*EXERCISE*: Output what the records say, word for word, with no images.

*SUPPLIED MATERIAL*:
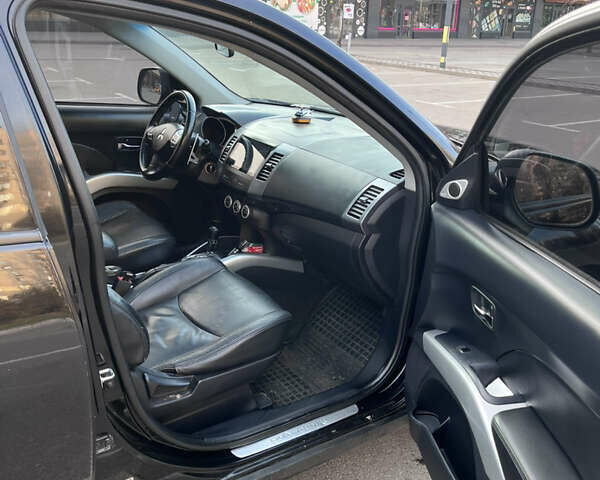 Черный Мицубиси Аутлендер, объемом двигателя 2.4 л и пробегом 237 тыс. км за 5000 $, фото 15 на Automoto.ua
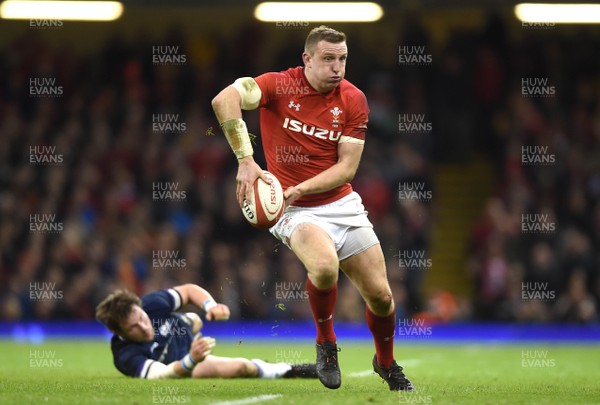 030218 - Wales v Scotland - NatWest 6 Nations 2018 - Hadleigh Parkes of Wales gets past Huw Jones of Scotland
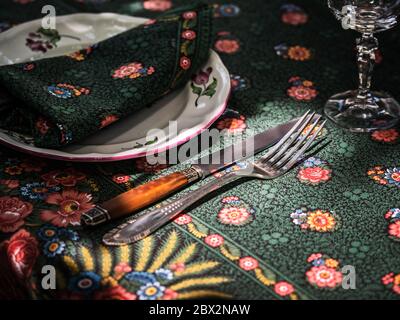 A simple but elegant tablecloth and cutlery laid out on it. Crystal glasses in the sun. Everything is ready for lunch in the garden.France. Stock Photo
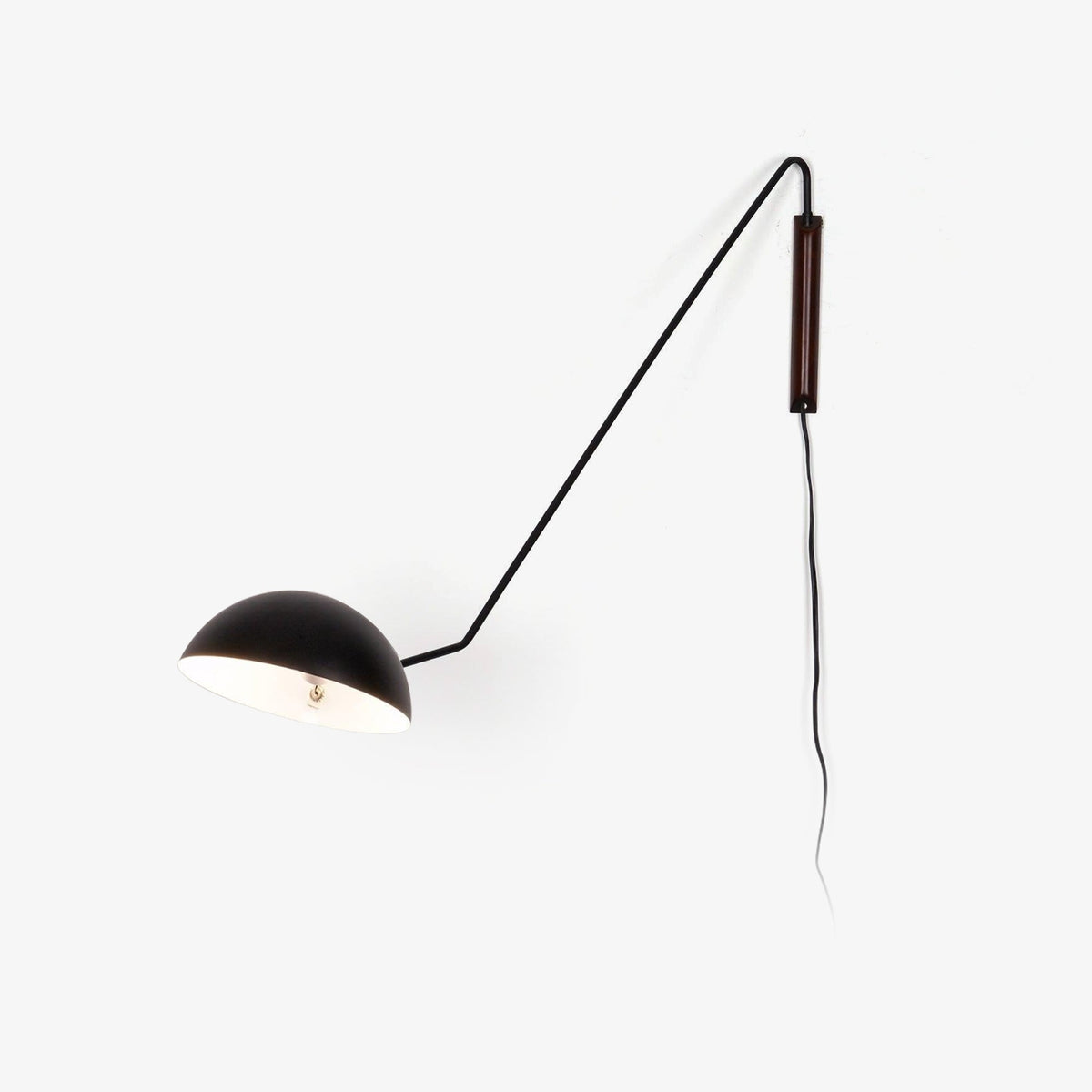 Black Clérachic wall light with a walnut plate and a white inner shade, with its cord trailing, on a plain white background.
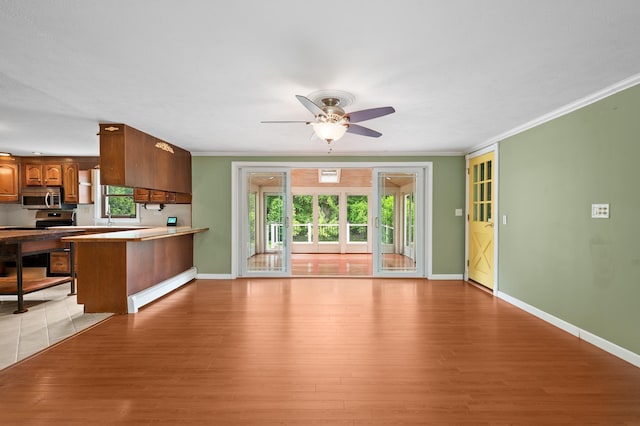 90 Giles Rd, East Kingston, NH 03827 - kitchen featuring stainless steel appliances, brown cabinetry, a peninsula, ceiling fan, and light wood-style floors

*RESPONSE BOX*:
 Черный Мицубиси Аутлендер, объемом двигателя 2.4 л и пробегом 237 тыс. км за 5000 $, фото 15 на Automoto.ua
 030218 - Wales v Scotland - NatWest 6 Nations 2018 - Hadleigh Parkes of Wales gets past Huw Jones of Scotland
 A simple but elegant tablecloth and cutlery laid out on it. Crystal glasses in the sun. Everything is ready for lunch in the garden.France. Stock Photo
 Black Clérachic wall light with a walnut plate and a white inner shade, with its cord trailing, on a plain white background.
 90 Giles Rd, East Kingston, NH 03827 - kitchen featuring stainless steel appliances, brown cabinetry, a peninsula, ceiling fan, and light wood-style floors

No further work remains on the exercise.